The Federation is an American hip hop group from Fairfield, California. The group was formed in 2002, composed of producer Ricardo "Rick Rock" Thomas and three rappers: Anthony "Goldie Gold" Caldwell, Marvin "Doonie Baby/Doon Koon" Selmon and Thomas "Stressmatic" Jackson. The group released their debut studio album in 2004 on Virgin Records and their sophomore album through Reprise Records in 2007, which is, to date, their recent effort.

History 
Rick Rock and Doonie Baby’s friendship and collaborative work dates back to the early ‘90s in Alabama, where they recorded as two-thirds of the group Cosmic Slop Shop along with Big Lurch. At age 16 and using a wheelchair after being shot, the Nevada-born, Fairfield/Vallejo-raised Federation member Goldie Gold met Rick Rock at a local mall, impressing Rock with his rapping skills. In 2002, Rick Rock recruited Doonie Baby, Goldie Gold, and Mr. Stress to form the group.
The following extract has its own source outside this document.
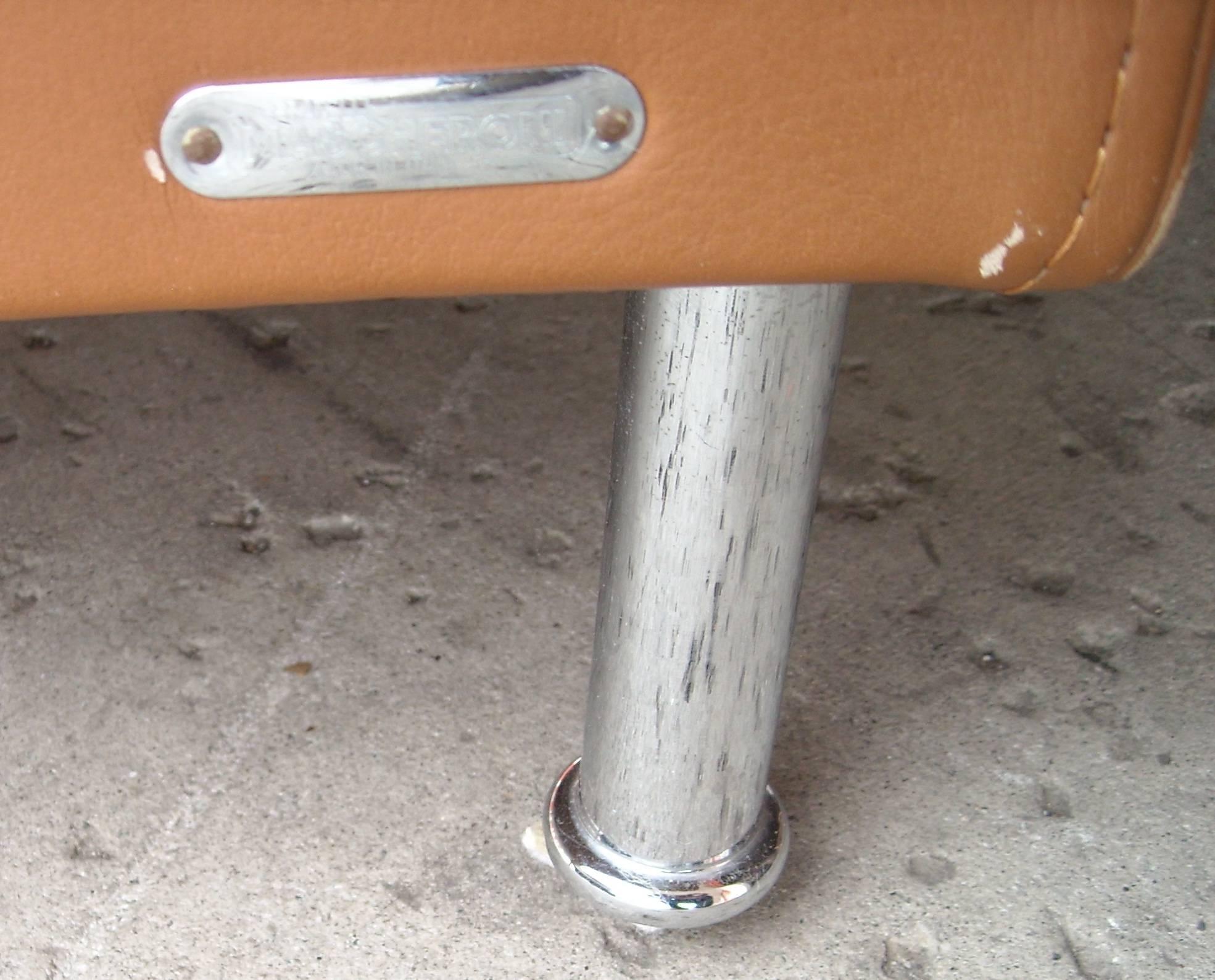 Nice and elegant design in this side/ coffee small table with glass top and leather. This table is labeled, Mascheroni, Italy.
The group debuted on Vallejo producer Mike Mosely's 2002 release Major Work: The Soundtrack with the Rick Rock-produced track "The Sickness", which sampled Art of Noise's 1983 song "Moments of Love". Their first single "Hyphy", featuring E-40, debuted in 2003, the title was based on a slang term established by Keak the Sneak in the 90s Bay Area hip hop music. Hyphy became an instant hit in the Bay Area. The song even induced a riot when The Federation performed "Hyphy" during halftime of the AND1 Live Tour at Oracle Arena in June 2004. On the strength of "Hyphy" and their second single "Donkey", the group's self-titled debut album was released under Virgin Records to critical reception. In 2005, Rick Rock signed the group under Reprise Records, releasing the group's follow-up album It's Whateva in the summer of 2007.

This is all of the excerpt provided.